Algumas semanas antes do assassinato, Josimo havia sofrido um atentado à bala. Firme na luta e ciente das ameaças, pronunciou um belíssimo testamento espiritual e profético durante a Assembleia da Diocese de Tocantinópolis (MA), no dia 27 de abril de 1986.
“Pois é, gente, eu quero que vocês entendam que o que vem acontecendo não é fruto de nenhuma ideologia ou facção teológica, nem por mim mesmo, ou seja, pela minha personalidade. Acredito que o porque de tudo isso se resume em três pontos principais:
– Por Deus ter me chamado com o dom da vocação sacerdotal e eu ter correspondido.
– Pelo senhor bispo, D. Cornélio, ter me ordenado sacerdote.
– Pelo apoio do povo e do vigário de Xambioá, então Pe. João Caprioli, que me ajudaram a vencer nos estudos.
“O discípulo não é maior do que o Mestre. Se perseguirem a mim, hão de perseguir vocês também.” Tenho que assumir. Agora estou empenhado na luta pela causa dos pobres lavradores indefesos, povo oprimido nas garras dos latifúndios. Se eu me calar, quem os defenderá? Quem lutará a seu favor? Eu pelo menos nada tenho a perder. Não tenho mulher, filhos e nem riqueza sequer, ninguém chorará por mim. Só tenho pena de uma pessoa: de minha mãe, que só tem a mim e mais ninguém por ela. Pobre. Viúva. Mas vocês ficam aí e cuidarão dela. Nem o medo me detém. É hora de assumir. Morro por uma justa causa. Agora quero que vocês entendam o seguinte: tudo isso que está acontecendo é uma consequência lógica resultante do meu trabalho na luta e defesa pelos pobres, em prol do Evangelho que me levou a assumir até as últimas consequências.

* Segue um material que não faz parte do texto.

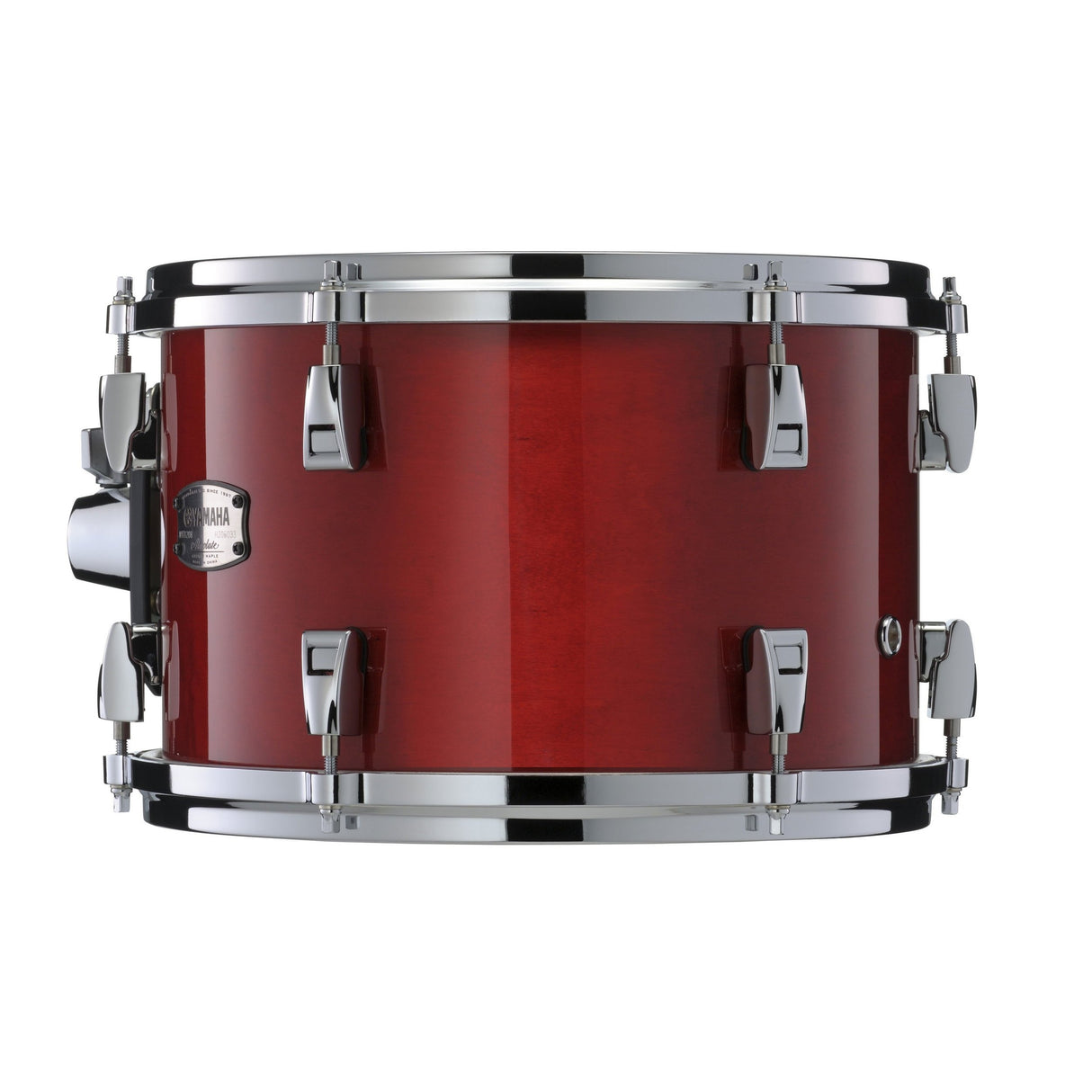 Yamaha 7 x 8-Inch Absolute Hybrid Maple Mounted Tom - Red Autumn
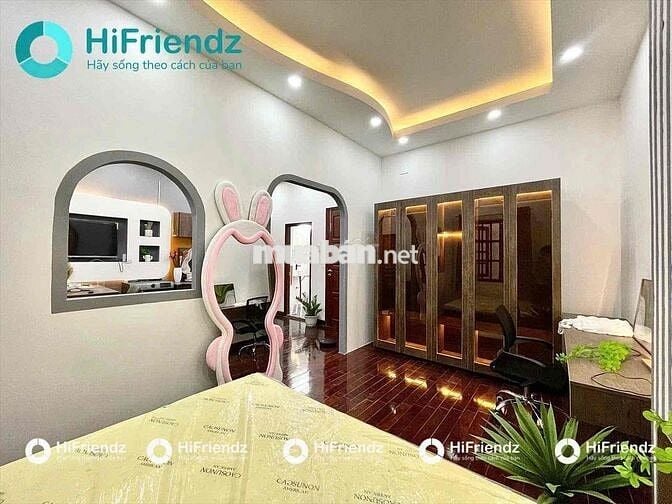 Chung cư mới có máy giặc riêng gần đh y dược, bv chợ rẫy, ueh csb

A minha vida nada vale em vista da morte de tantos pais lavradores assassinados, violentados e despejados de suas terras. Deixando mulheres e filhos abandonados, sem carinho, sem pão e sem lar. É hora de se levantar e fazer a diferença! Morro por uma causa justa”.
Documentário
A história de vida e luta do Padre Josimo virou filme no documentário “Josimo – O Padre negro de sandálias surradas”, realizado pelo Instituto Cultural Padre Josimo em parceria com a Cáritas Brasil. O audiovisual foi lançado nas celebrações da Semana Social da Terra e das Águas Padre Josimo de 2016. Realizado entre os dias 9 e 15 de maio na região do Bico do Papagaio, Norte do Tocantins, o evento relembrou os 30 anos do assassinato do padre, morto em 1986 por pistoleiros, a mando de fazendeiros da região.